Background
Dr. Patricia Benner, who authored the book From Novice to Expert (1984), adapted a nursing model of the Dryfus Learning Theory (1980), five levels of clinical competence. As each skill level develops, critical thinking also progresses through the stages she outlined: novice, advanced beginner, competent, proficient, expert. During nursing academia, preceptorship is the last segment of the curriculum when a student can learn firsthand from an expert in the level and area of interest to the student. Preceptor assignments occur in nursing school, at each level, associate, bachelor, masters, and doctorate levels.
Recommendation
I strongly urge students at all levels to resist, not being fully engaged in the preceptorship experience.

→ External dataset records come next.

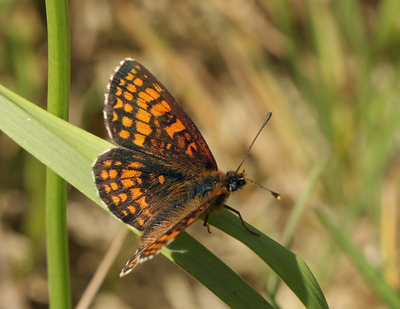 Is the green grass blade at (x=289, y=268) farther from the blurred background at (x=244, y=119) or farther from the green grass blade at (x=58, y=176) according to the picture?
the blurred background at (x=244, y=119)

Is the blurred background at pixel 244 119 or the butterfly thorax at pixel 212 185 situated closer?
the butterfly thorax at pixel 212 185

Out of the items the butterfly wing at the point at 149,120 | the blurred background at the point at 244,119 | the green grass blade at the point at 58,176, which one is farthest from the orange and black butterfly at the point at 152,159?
the blurred background at the point at 244,119

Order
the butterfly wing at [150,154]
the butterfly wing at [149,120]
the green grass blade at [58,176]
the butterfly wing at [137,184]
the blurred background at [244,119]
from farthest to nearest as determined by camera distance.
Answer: the blurred background at [244,119] < the butterfly wing at [149,120] < the butterfly wing at [150,154] < the butterfly wing at [137,184] < the green grass blade at [58,176]

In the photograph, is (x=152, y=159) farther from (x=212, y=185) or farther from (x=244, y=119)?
(x=244, y=119)

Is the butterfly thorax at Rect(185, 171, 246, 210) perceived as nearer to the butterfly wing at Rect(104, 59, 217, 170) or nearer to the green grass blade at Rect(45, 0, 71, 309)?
the butterfly wing at Rect(104, 59, 217, 170)

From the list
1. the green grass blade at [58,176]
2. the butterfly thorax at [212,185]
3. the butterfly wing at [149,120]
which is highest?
the butterfly wing at [149,120]

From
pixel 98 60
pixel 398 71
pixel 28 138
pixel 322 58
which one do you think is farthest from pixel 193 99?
pixel 28 138

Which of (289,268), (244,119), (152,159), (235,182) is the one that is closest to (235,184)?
(235,182)

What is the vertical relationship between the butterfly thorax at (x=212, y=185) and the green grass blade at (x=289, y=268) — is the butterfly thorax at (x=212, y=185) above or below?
above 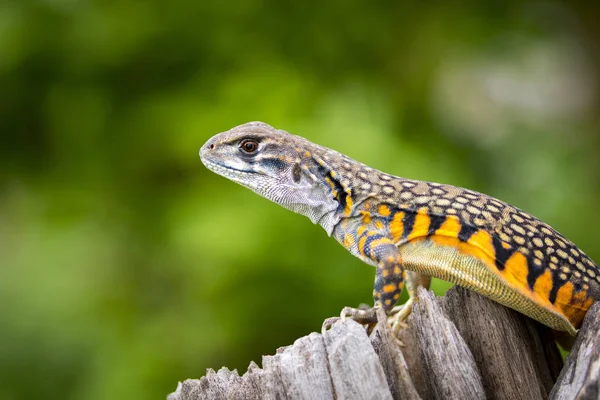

This unique interval, especially at the higher levels, is the best opportunity for exposure that a student will have to gain insights that one would not usually have once in the workforce. Take the time to ask questions, clarify, analyze, gather information, and formulate opinions and ideas. It is a moment in time that one will not have again in the hustle and bustle of the day to day in the field after the formal academic environment ends.
Coaching tip
I said all this to say, “you may not know what you don’t know to ask.” Mentors, consider anticipating the unasked questions of your mentees and guide them to those answers. Mentees maintain your spirit of inquiry.
Food for thought
Throughout my career, I’ve had both formal and informal mentors. I’m guilty of tuning out some of my mentor’s old-fashioned opinions, and I thought some of their ideas were out of touch with the times. However, looking back, there was wisdom for me to glean from their expressions of “how it used to be.” What I am seeing more and more now as an educator, is the method to their madness. Though I was able to skip the madness of the 500 paged handwritten care plans, I did not escape the NANDA citations for every nursing intervention noted on those nursing school care plans. These exercises drilled into me the many “whys” behind our practice. Are we asking enough, “whys” now? Do we seek out our answers, or do we wonder without the intent to look for an answer?